-- DATA SECTION follows --

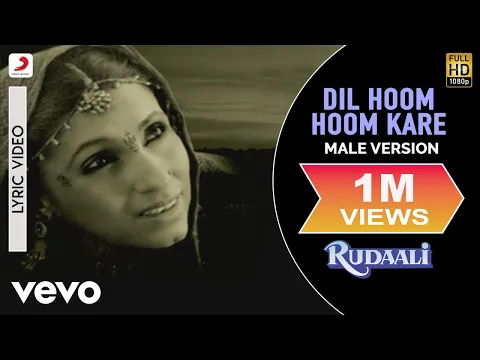 Download MP3 Dil Hoom Hoom Kare-Male Version Lyric - Rudaali|Dimple Kapadia|Bhupen Hazarika|Gulzar
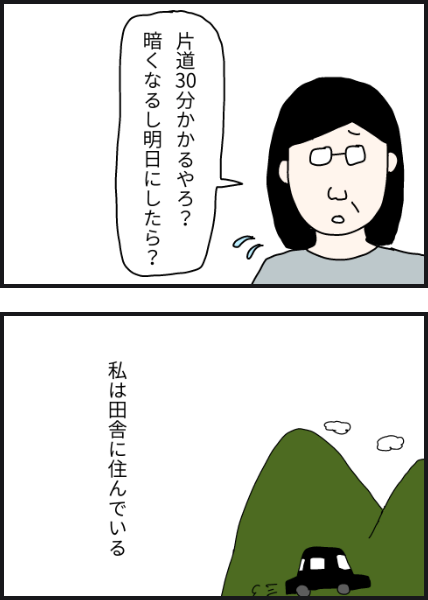 e703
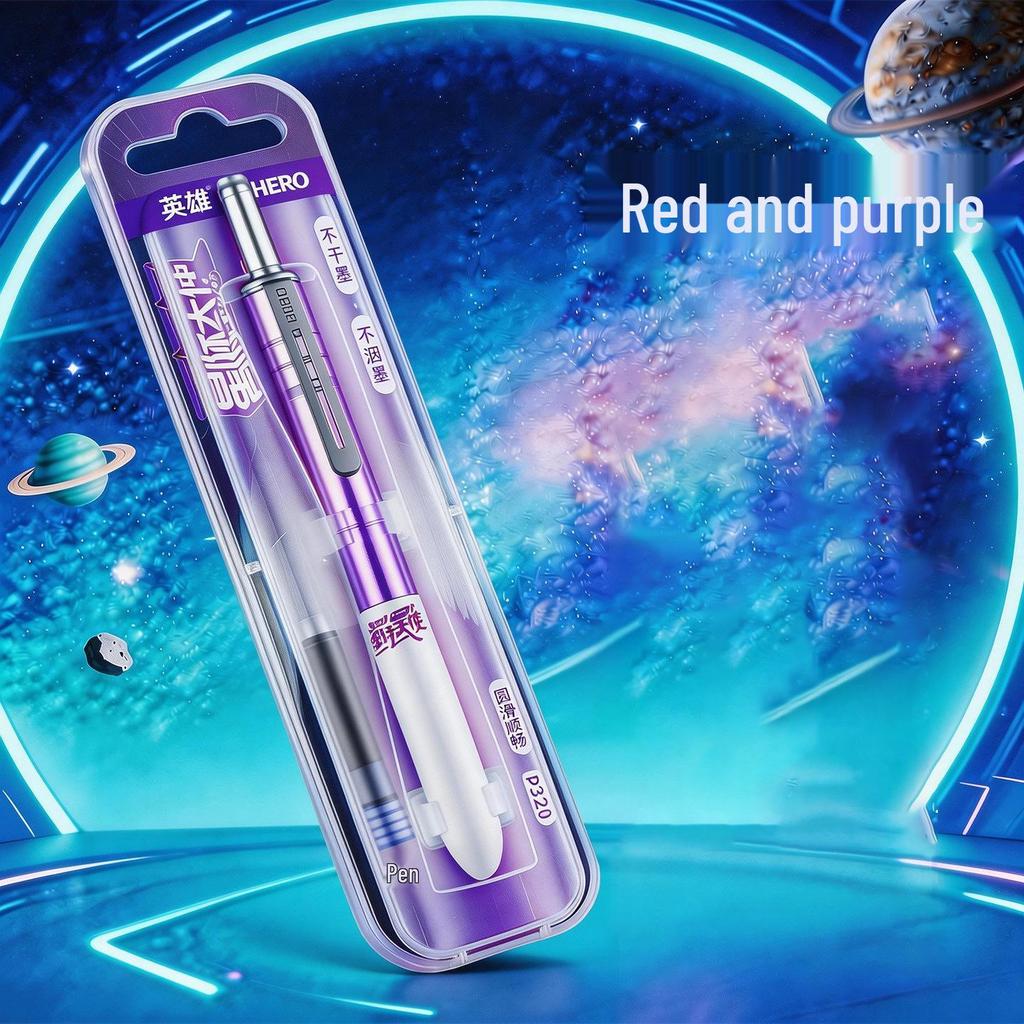 Шариковая ручка HERO P320 с нажимным механизмом для учеников третьего класса - Каллиграфия для начинающих со сменным картриджем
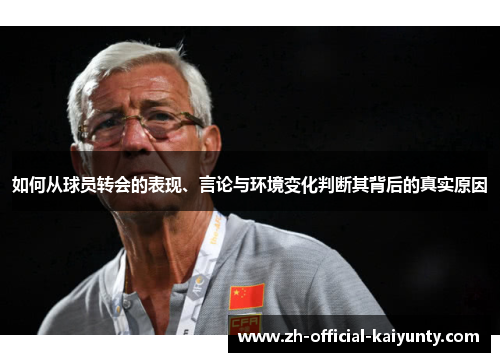 如何从球员转会的表现、言论与环境变化判断其背后的真实原因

-- DATA SECTION concluded --

◆ **WORK ORDER**: I would like the material repeated in full and exactly, with its images omitted.

◆ **REPLY**:
 Download MP3 Dil Hoom Hoom Kare-Male Version Lyric - Rudaali|Dimple Kapadia|Bhupen Hazarika|Gulzar
 e703
 Шариковая ручка HERO P320 с нажимным механизмом для учеников третьего класса - Каллиграфия для начинающих со сменным картриджем
 如何从球员转会的表现、言论与环境变化判断其背后的真实原因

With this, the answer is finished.